+++ Provided records

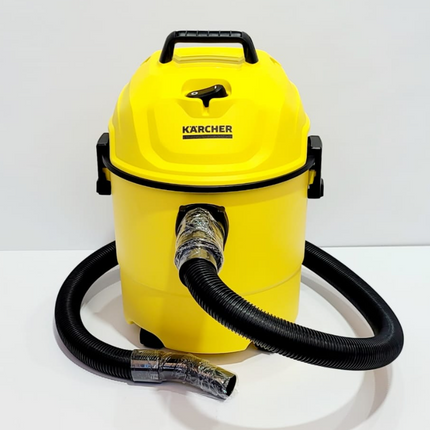KARCHER ASPIRADORA EN SECO/HUMEDO Y SOPLADORA MX TANQUE 15 LTS - WD1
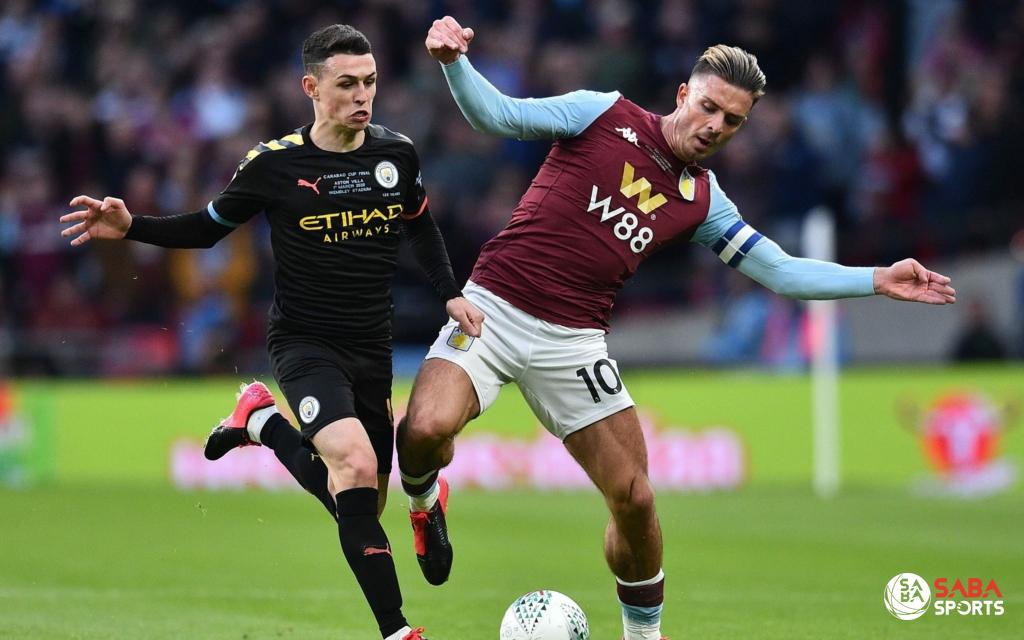 Jack Grealish sở hữu những tố chất của một tiền vệ tấn công hàng đầu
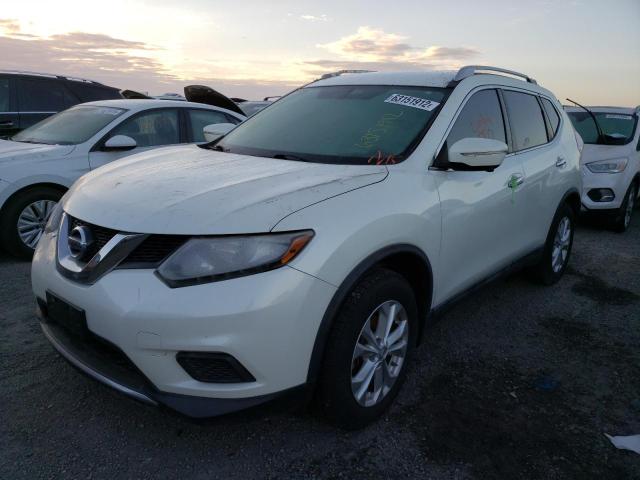 Photo 1 VIN: 5N1AT2MV5FC796051 - NISSAN ROGUE S 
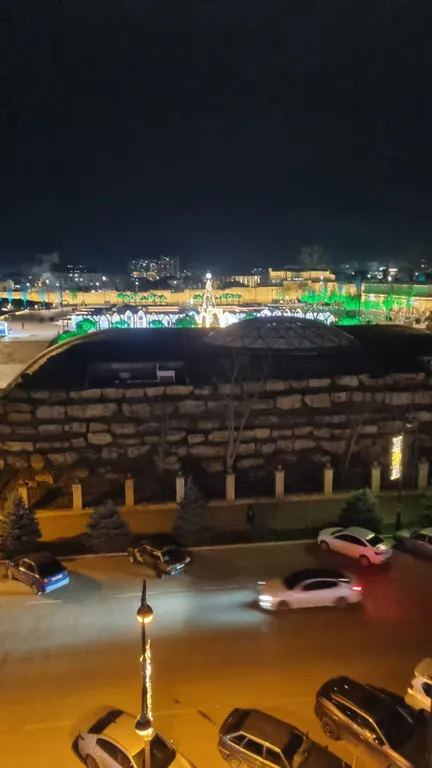 Квартира Квартира в новом доме в центре города с видом на фонтан — Дербент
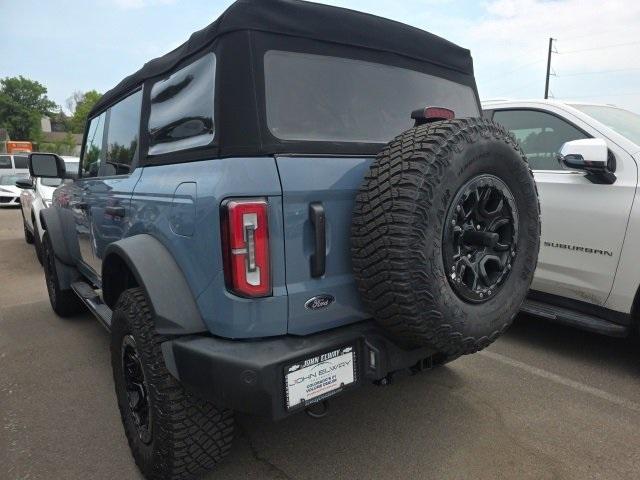 2023 Ford Bronco Vehicle Photo in ENGLEWOOD, CO 80113-6708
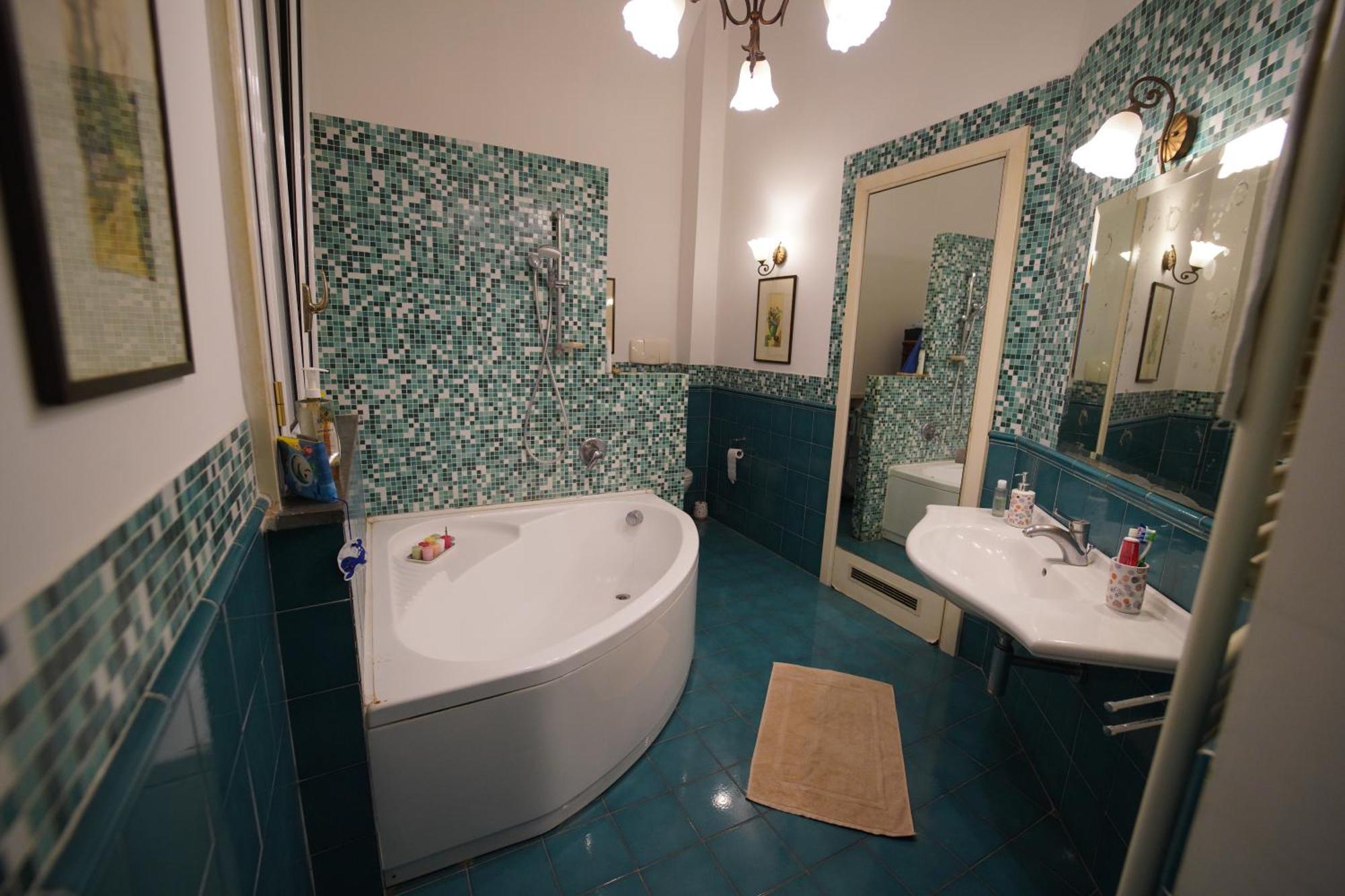 Bed and Breakfast Residenza Suor Orsola Neapel Exterior foto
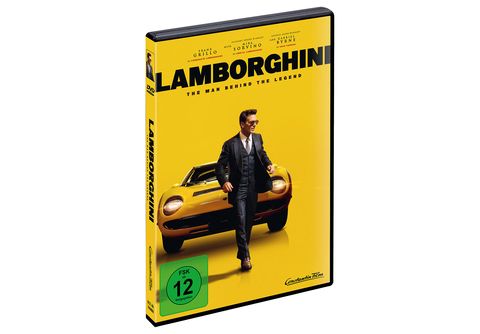Lamborghini: The Man Behind the Legend [DVD] online kaufen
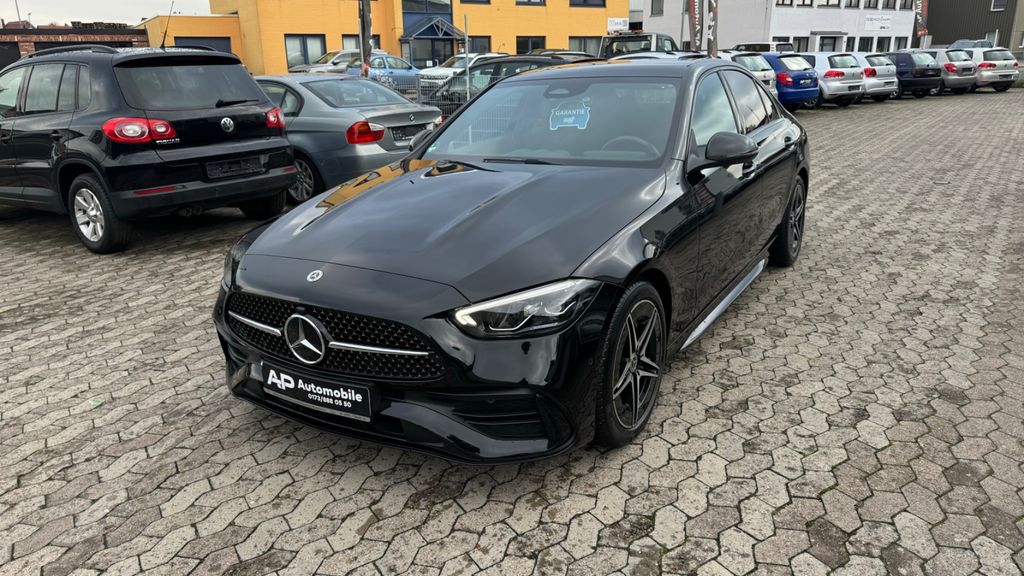 Image of Mercedes-Benz C 200
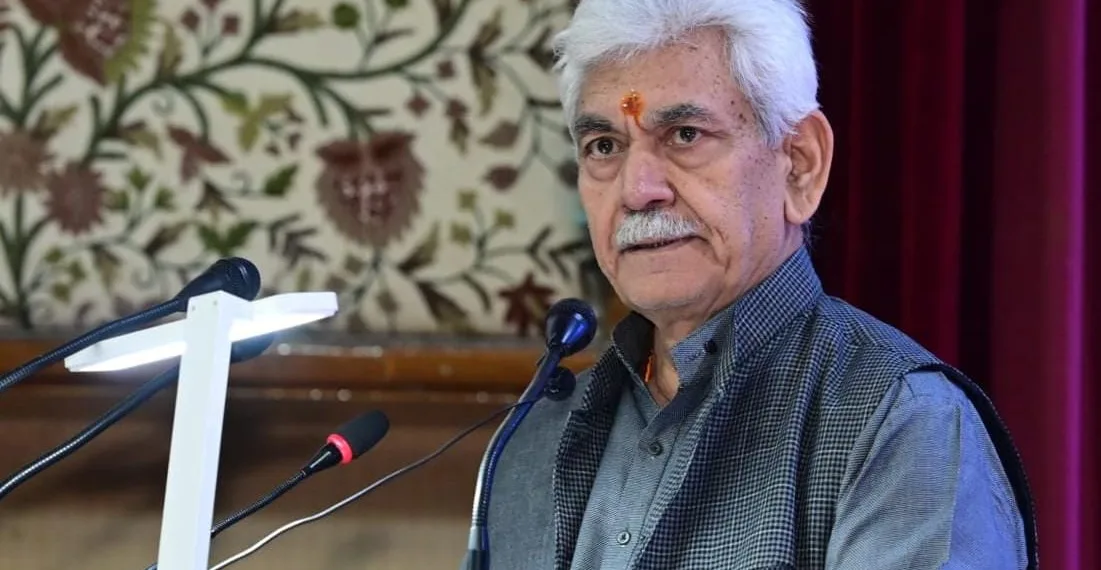Dr. Rahi Masoom Raza’s Ideals Inspire India’s Vision of Viksit Bharat: LG Manoj Sinha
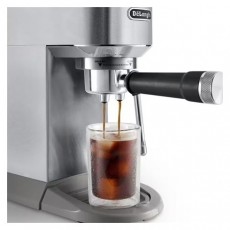 Delonghi EC890.M K&Aacute;V&Eacute;FŐZŐ PRESSZ&Oacute; Konyhai term&eacute;kek - K&aacute;v&eacute;főző / k&aacute;v&eacute;&ouml;rlő / kieg&eacute;sz&iacute;tő - Pressz&oacute; k&aacute;v&eacute;főző - 516792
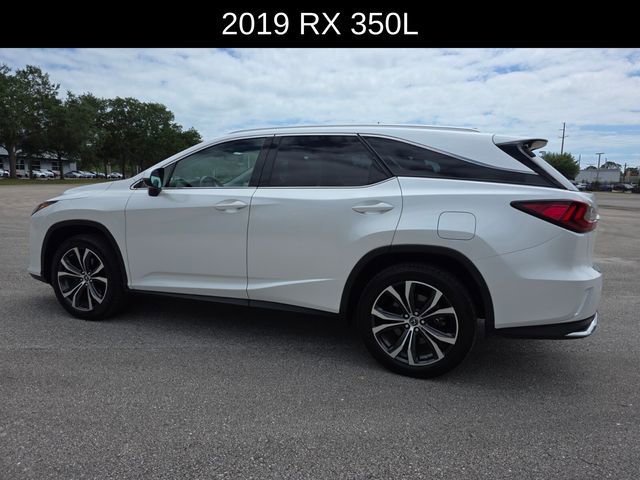Used 2019 Lexus RX 350L FWD image 5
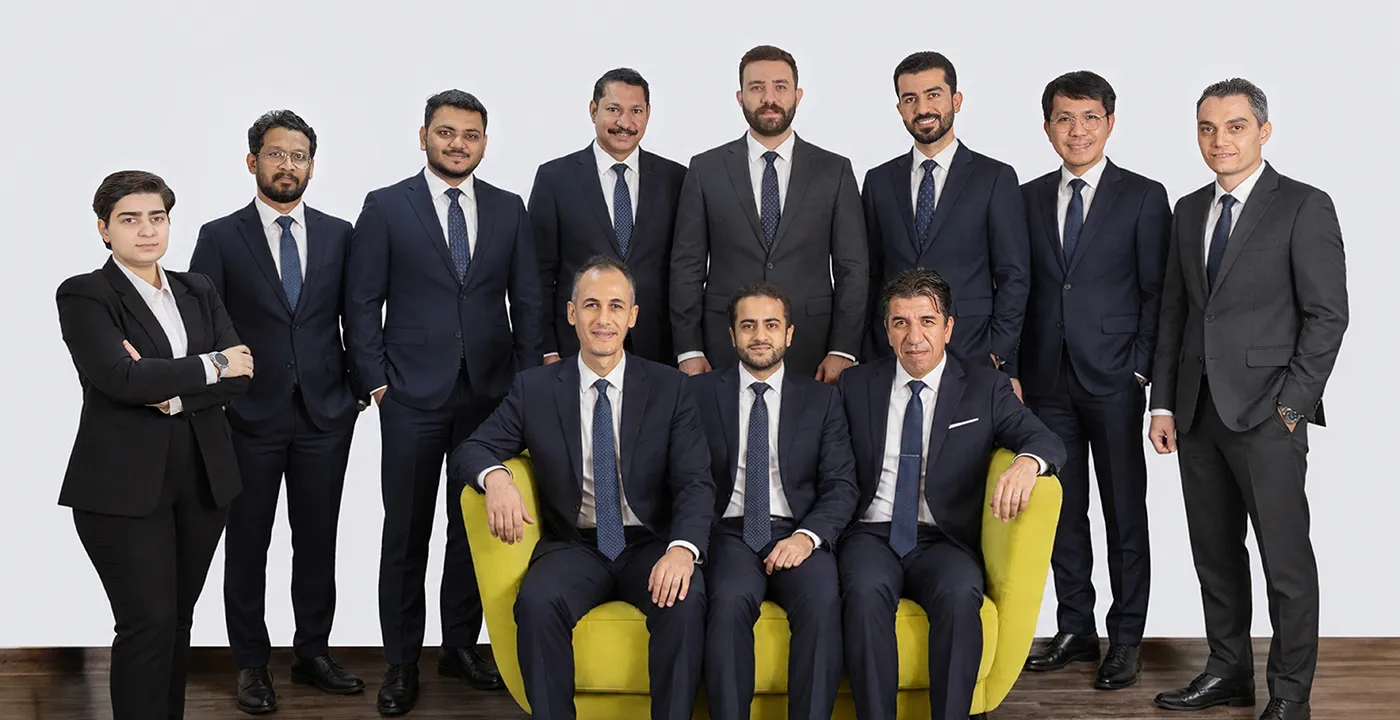 Al Ain Branch Team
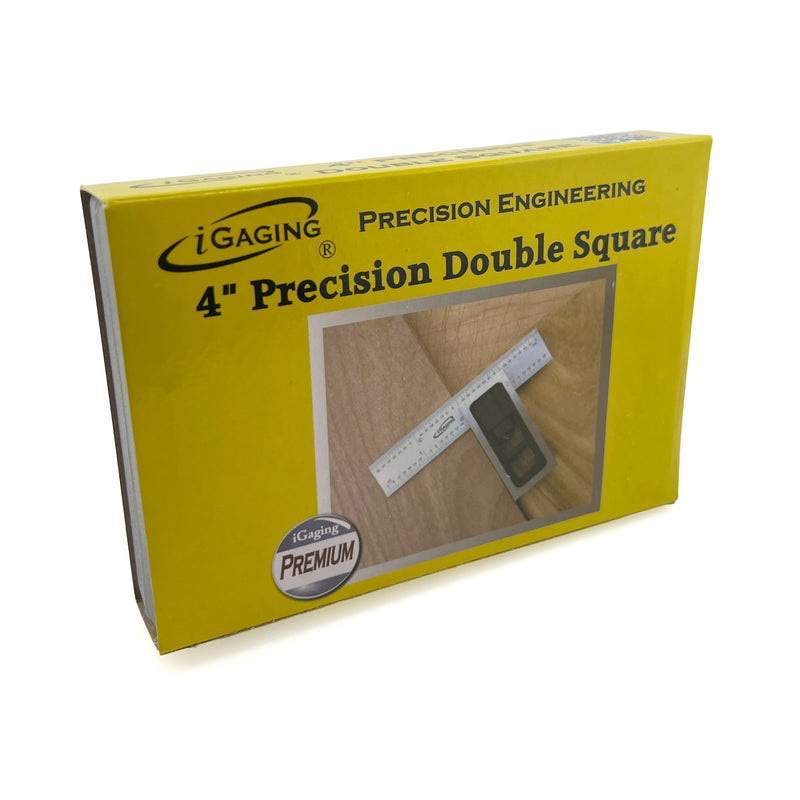 4" Double Square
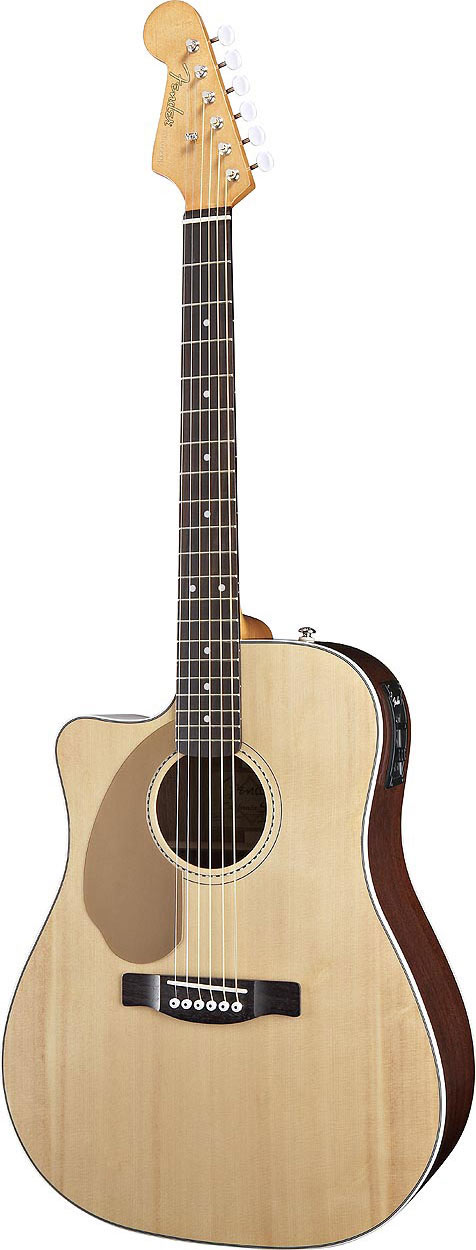 Fender Sonoran SCE Natural LH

++++++

*The problem:* Omitting the pictures, copy each record above exactly as it stands.

*Answer for the task:*
KARCHER ASPIRADORA EN SECO/HUMEDO Y SOPLADORA MX TANQUE 15 LTS - WD1
 Jack Grealish sở hữu những tố chất của một tiền vệ tấn công hàng đầu
 Photo 1 VIN: 5N1AT2MV5FC796051 - NISSAN ROGUE S 
 Квартира Квартира в новом доме в центре города с видом на фонтан — Дербент
 2023 Ford Bronco Vehicle Photo in ENGLEWOOD, CO 80113-6708
 Bed and Breakfast Residenza Suor Orsola Neapel Exterior foto
Lamborghini: The Man Behind the Legend [DVD] online kaufen
 Image of Mercedes-Benz C 200
Dr. Rahi Masoom Raza’s Ideals Inspire India’s Vision of Viksit Bharat: LG Manoj Sinha
 Delonghi EC890.M K&Aacute;V&Eacute;FŐZŐ PRESSZ&Oacute; Konyhai term&eacute;kek - K&aacute;v&eacute;főző / k&aacute;v&eacute;&ouml;rlő / kieg&eacute;sz&iacute;tő - Pressz&oacute; k&aacute;v&eacute;főző - 516792
Used 2019 Lexus RX 350L FWD image 5
 Al Ain Branch Team
 4" Double Square
 Fender Sonoran SCE Natural LH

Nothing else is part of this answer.